Aug 18, [New Radicals, "Someday We’ll Know"]
Ok well since fateback has been down the last couple days I’m going to
leave the last couple entrys up here.
The last couple days have been great, yet really sad at the same time.
I’ve spent alot of time with Adam and Angie. It’s been really great. Last
night we went to a concert with Adam and Tim’s band. There were some damn
hot guys there. It was a pretty good time, free food. And I got to see alot
of people from High School that I hadn’t seen in a while. After that we
went downtown, I missed my first two corners, so I just took the long ass
way around, we got there eventually. We were sitting on that brick wall
just across from Spagetti Works and these two random people walked up to
us. They started asking us where good places to hang out and drink were,
and then they asked if thier fake ID’s were good enough, it was crazy. Then
they offered for us to come back to thier hotel room. Crazy people. We talked
to them for a while, then it started POURING rain, I mean just out of the
middle of no where, it started pouring sheets of rain. It was cool, so we
ran back to Java Joe’s and got some coffee and shit.
We left there cause we had had enough of the live music in the last couple
days with the fair and all. So we left and went back to Angies house. Earlier
I had told Adam a story about the conversation I had with my parents. They
said something along the lives of, "With the life style you’ve choosen,
you’ll end up in a body bag by the time you’re 22." And when they said
it, it didn’t cross my mind at all, and I just put it off as something they
would say. I didn’t even think about it tell I told Adam the whole story,
and then it’s like, they really thinkn that, that I’m going to be dead by
the time I’m 22. So that really depressed me. Assholes. So at Angie’s we
all just talked and it was good times there.
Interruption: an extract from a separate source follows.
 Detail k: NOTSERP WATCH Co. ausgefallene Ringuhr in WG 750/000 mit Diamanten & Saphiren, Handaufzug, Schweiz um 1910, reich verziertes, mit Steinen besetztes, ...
After we left there, Adam and
I went out and just drove around Ankeny and talked and did random stuff.
That was really nice to talk to him about things. We went back to his house
about 1 or so. I don’t remember how we got on the topic, but he wanted to
show me family pictures, which is cool. Cause I think I’m one of the few
people that’s amussed by such things. Well especially someone that I care
about, lol. So we sat around and looked at those for a while. It was nice
to just sit next to him on the couch again, and just hang out without any
tension. Good times last night, even though they were sad times.
I’ve only got a week tell school starts. One week. I still don’t know what
the hell I’m doing. I don’t know what’s going on this next week. I don’t
know when I’m moving, I don’t know jack shit. I just don’t know about anything.
I’m thinking tomorrow I’ll just sit down with the PU’s and talk to them
about everything. Or maybe tonight if I get home in time.